Craig selected a stone from the ranks that Sally-Anne had set out. It was the size of a golf ball.

‘That is probably three hundred carats – it might cut to a paragon, that is a first-water diamond over a hundred carats. Then men will give it a name, like the Great Mogul or the
Orloff or the Shah, and legends will be woven around it.’

‘Lobengula’s Fire,’ Sarah hazarded.

‘Good!’ Craig nodded. ‘A good name for it. Lobengula’s Fire!’

‘How much?’ Tungata wanted to know. ‘What is the value of this pile of pretty stones?’

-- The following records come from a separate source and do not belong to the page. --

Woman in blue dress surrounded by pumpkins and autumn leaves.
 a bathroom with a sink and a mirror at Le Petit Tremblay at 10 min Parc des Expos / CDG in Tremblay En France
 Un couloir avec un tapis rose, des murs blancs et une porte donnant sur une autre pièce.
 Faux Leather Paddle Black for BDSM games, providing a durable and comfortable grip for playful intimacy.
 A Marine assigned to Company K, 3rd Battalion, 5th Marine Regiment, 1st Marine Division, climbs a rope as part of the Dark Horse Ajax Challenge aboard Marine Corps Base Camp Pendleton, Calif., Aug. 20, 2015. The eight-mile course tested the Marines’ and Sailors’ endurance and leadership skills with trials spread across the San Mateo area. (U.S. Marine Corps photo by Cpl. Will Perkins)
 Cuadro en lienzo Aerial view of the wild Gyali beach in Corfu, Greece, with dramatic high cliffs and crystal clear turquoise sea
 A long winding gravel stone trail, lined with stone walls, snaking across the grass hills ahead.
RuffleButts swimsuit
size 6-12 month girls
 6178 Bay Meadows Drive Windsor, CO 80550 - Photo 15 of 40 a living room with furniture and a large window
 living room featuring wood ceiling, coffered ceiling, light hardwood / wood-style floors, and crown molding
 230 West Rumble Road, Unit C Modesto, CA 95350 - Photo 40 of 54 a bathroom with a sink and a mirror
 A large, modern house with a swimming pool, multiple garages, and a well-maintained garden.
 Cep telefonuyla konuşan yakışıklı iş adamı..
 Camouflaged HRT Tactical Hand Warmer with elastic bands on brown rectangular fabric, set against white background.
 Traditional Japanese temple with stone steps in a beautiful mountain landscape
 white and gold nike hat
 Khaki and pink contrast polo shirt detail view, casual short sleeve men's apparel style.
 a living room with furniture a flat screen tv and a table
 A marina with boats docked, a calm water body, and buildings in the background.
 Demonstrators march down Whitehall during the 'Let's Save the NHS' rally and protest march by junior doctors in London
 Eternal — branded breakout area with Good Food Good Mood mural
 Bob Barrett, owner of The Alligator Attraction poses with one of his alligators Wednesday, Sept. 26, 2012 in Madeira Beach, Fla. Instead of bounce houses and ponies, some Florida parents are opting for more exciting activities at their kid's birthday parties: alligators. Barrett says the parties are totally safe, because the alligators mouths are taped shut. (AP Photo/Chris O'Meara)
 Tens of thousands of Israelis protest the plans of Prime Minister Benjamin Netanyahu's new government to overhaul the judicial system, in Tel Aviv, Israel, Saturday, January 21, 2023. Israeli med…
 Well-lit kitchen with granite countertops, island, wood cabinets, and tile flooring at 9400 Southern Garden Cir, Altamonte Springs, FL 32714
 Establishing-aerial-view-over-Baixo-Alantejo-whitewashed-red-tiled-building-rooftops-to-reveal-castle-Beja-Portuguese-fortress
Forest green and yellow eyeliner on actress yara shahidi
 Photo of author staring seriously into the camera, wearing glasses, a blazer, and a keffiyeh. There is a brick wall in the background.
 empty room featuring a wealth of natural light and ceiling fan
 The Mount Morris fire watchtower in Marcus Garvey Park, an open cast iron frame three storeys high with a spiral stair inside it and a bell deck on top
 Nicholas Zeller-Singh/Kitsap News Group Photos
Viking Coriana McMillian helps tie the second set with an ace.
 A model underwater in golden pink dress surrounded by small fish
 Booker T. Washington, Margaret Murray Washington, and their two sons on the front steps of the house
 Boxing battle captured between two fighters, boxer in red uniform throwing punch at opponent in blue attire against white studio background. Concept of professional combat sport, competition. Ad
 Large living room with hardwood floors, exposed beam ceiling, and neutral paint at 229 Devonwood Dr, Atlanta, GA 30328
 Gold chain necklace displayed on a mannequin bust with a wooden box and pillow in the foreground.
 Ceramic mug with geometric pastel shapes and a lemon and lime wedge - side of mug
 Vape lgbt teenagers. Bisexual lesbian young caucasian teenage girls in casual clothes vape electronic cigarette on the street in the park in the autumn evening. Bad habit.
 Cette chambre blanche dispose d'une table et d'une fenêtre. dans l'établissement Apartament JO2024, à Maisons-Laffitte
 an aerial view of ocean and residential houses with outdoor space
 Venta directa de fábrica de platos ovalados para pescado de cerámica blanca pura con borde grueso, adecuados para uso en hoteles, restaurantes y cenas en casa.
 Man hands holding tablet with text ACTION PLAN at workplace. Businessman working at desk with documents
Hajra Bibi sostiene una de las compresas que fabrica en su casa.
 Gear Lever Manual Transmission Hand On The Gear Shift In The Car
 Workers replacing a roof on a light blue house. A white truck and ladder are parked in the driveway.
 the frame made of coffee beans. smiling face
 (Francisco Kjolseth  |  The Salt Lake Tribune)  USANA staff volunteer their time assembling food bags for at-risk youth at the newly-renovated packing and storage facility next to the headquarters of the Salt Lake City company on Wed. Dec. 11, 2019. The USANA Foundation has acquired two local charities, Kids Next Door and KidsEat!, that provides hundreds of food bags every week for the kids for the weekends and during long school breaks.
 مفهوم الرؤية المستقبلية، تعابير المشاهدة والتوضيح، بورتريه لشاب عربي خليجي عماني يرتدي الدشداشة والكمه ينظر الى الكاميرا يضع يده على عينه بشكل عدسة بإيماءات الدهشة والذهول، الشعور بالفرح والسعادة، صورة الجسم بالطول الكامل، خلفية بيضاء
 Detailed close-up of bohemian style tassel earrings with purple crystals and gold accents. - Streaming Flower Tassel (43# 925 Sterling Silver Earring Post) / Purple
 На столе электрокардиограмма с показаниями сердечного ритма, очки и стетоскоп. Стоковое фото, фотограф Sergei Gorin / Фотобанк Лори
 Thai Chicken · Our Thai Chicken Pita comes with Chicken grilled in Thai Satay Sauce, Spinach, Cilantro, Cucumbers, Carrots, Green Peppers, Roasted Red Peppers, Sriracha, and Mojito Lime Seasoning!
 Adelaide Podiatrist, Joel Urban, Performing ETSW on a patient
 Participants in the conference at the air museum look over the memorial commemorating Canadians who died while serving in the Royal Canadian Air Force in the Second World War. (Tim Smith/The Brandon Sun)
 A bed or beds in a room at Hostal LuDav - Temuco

‘God knows,’ Craig shrugged. ‘Some of them are rubbish—’ He picked out a huge amorphous lump of dark grey colour, in which the black specks and fleckings of its
imperfections were obvious to the naked eye and the flaws and fracture lines cut through its interior like soft silver leaves. ‘This is industrial quality, it will be used for machine tools
and the cutting edges in the head of an oil drill, but some of the others – the only answer is that they are worth as much as a rich man will pay. It would be impossible to sell them all at
one time, the market could not absorb them. Each stone would require a special buyer and involve a major financial transaction.’

‘How much, Pupho?’ Tungata insisted. ‘What is the least or the most?’

‘I truly don’t know, I could not even hazard.’ Craig picked out another large stone, its imperfect facets frosted and stippled to hide the true fire in its depths.
‘Highly skilled technicians will work on this for weeks, perhaps months, charting its grain and discovering its flaws. They will polish a window on it, so they can microscopically examine its
interior. Then, when they had decided how to “make” the stone, a master cutter with nerves of steel will cleave it along the flaw line with a tool like a butcher’s cleaver. A
false hammer stroke and the stone could explode into worthless chips. They say the master cutter who cleaved the Cullinan diamond fainted with relief when he hit a clean stroke and the diamond
split perfectly.’ Craig juggled the big diamond thoughtfully. ‘If this stone “makes” perfectly, and if its colour is graded “D”, it could be worth, say, a
million dollars.’

‘A million dollars! For one stone!’ Sarah exclaimed.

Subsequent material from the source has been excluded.